WHAT THE TASK ASKS :: All records below are to be duplicated exactly, with every picture excluded.

(MATERIALS PROVIDED Opens)

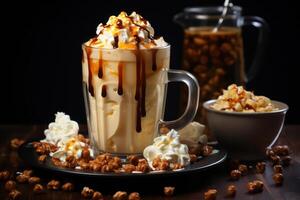 AI generated Sweet milkshake with caramel syrup, cream liqueur, caramel popcorn and chocolate powder on a brown background with a vintage coffee grinder. photo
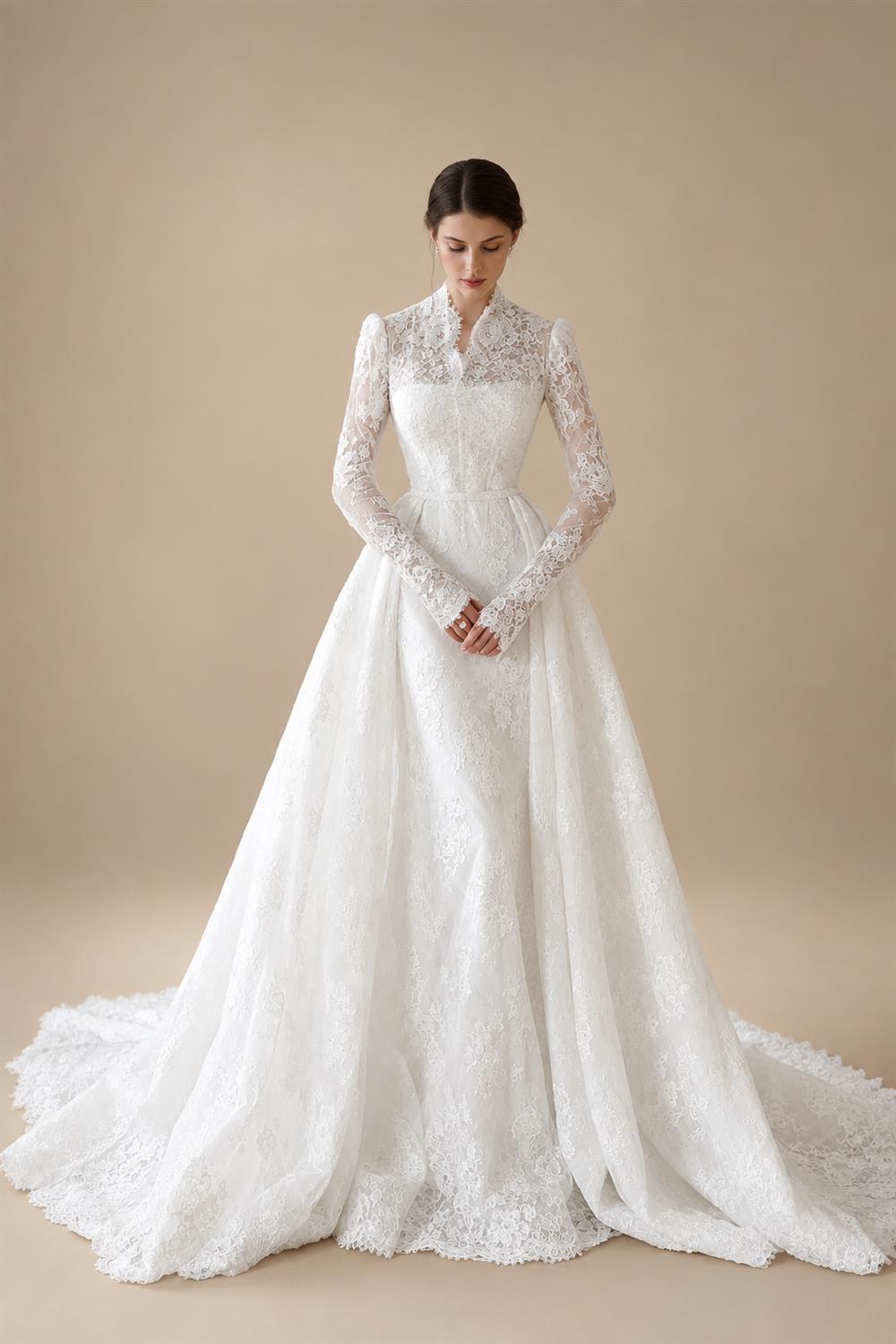 Elegant White Lace High Neck Long Sleeve A-Line Wedding Dress ZP103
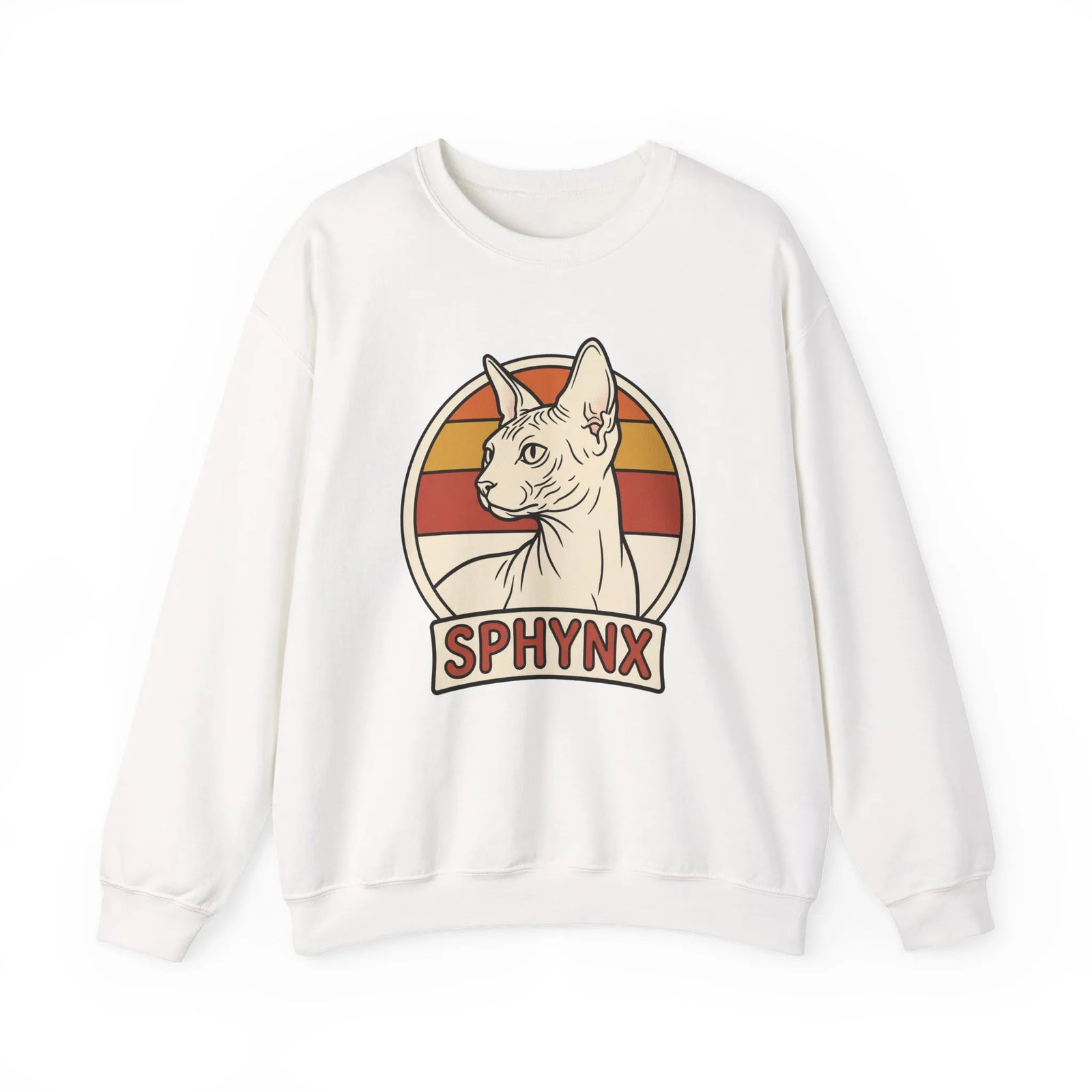 Sphynx Retro 70s Sunset Breeds Sweatshirt - Heavy Blend Crewneck Fleece - Unisex Ash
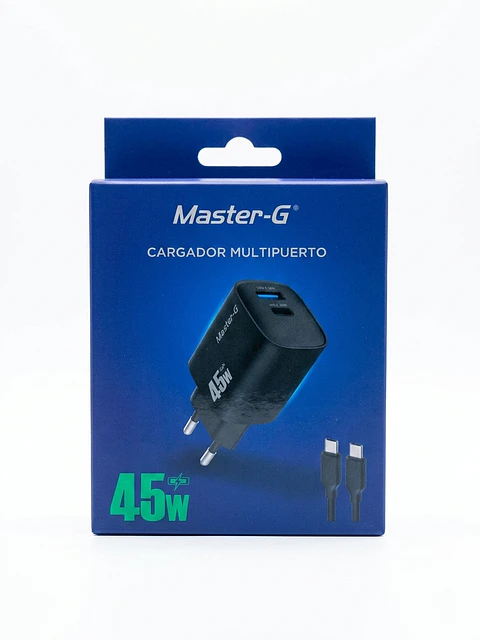 Cargador de Pared Multipuerto Master-G 45W (USB-C + USB-A) con Cable USB-C a USB-C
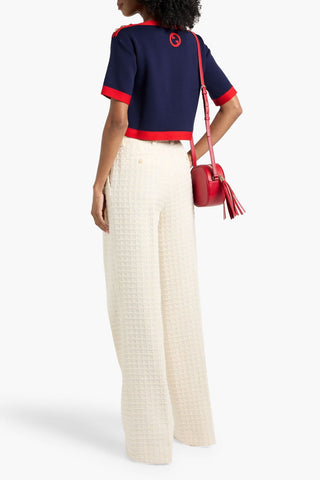 GUCCI COTTON-BLEND TWEED WIDE-LEG PANTS - Size 38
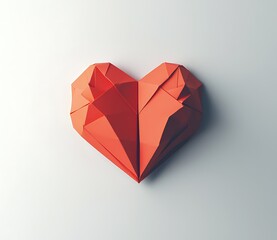 A simple heart made from red paper on a white background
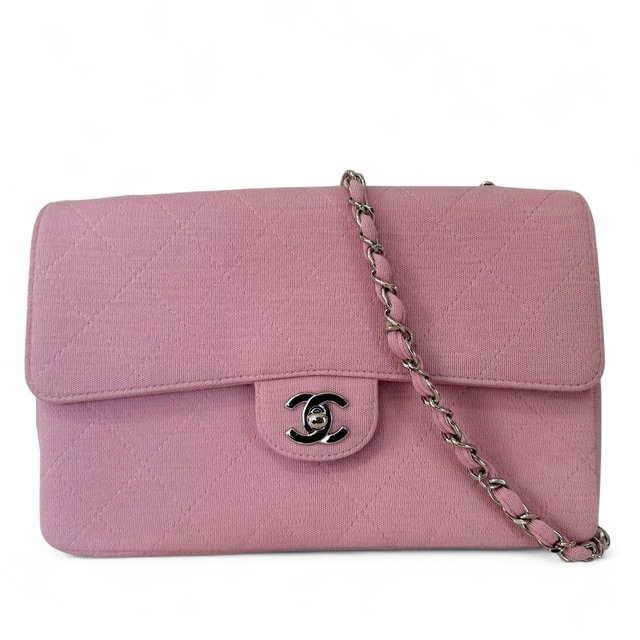 Rare◇CHANEL Matelasse Cotton Single Flap Chain Pink Silver Hardware 3948612 998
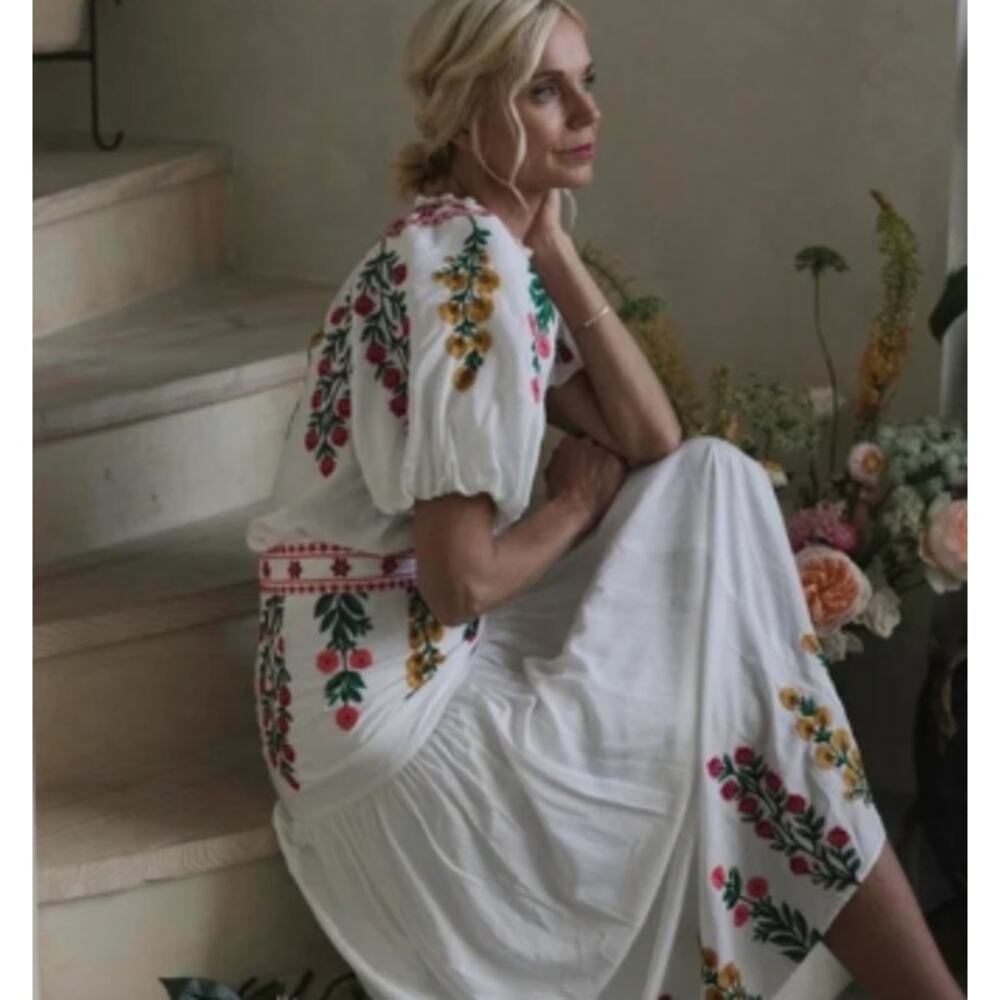 Antonio Melani x Jen Sumko Plus Woven Nicci Embroidered Floral Top White Size 14 - Picture 2 of 12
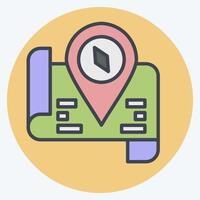 Icon Tourist Map. related to Hotel Service symbol. color mate style. simple design illustration vector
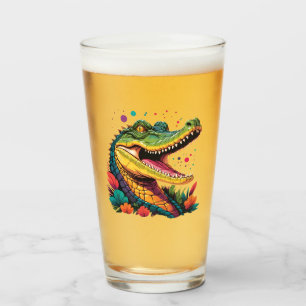 Colourful Crocodile Portrait Glass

(MATERIALS PROVIDED Closes)

TASK OUTPUT ::
 AI generated Sweet milkshake with caramel syrup, cream liqueur, caramel popcorn and chocolate powder on a brown background with a vintage coffee grinder. photo
 Elegant White Lace High Neck Long Sleeve A-Line Wedding Dress ZP103
 Sphynx Retro 70s Sunset Breeds Sweatshirt - Heavy Blend Crewneck Fleece - Unisex Ash
 Cargador de Pared Multipuerto Master-G 45W (USB-C + USB-A) con Cable USB-C a USB-C
 GUCCI COTTON-BLEND TWEED WIDE-LEG PANTS - Size 38
 A simple heart made from red paper on a white background
 Rare◇CHANEL Matelasse Cotton Single Flap Chain Pink Silver Hardware 3948612 998
 Antonio Melani x Jen Sumko Plus Woven Nicci Embroidered Floral Top White Size 14 - Picture 2 of 12
 Icon Tourist Map. related to Hotel Service symbol. color mate style. simple design illustration vector
 Colourful Crocodile Portrait Glass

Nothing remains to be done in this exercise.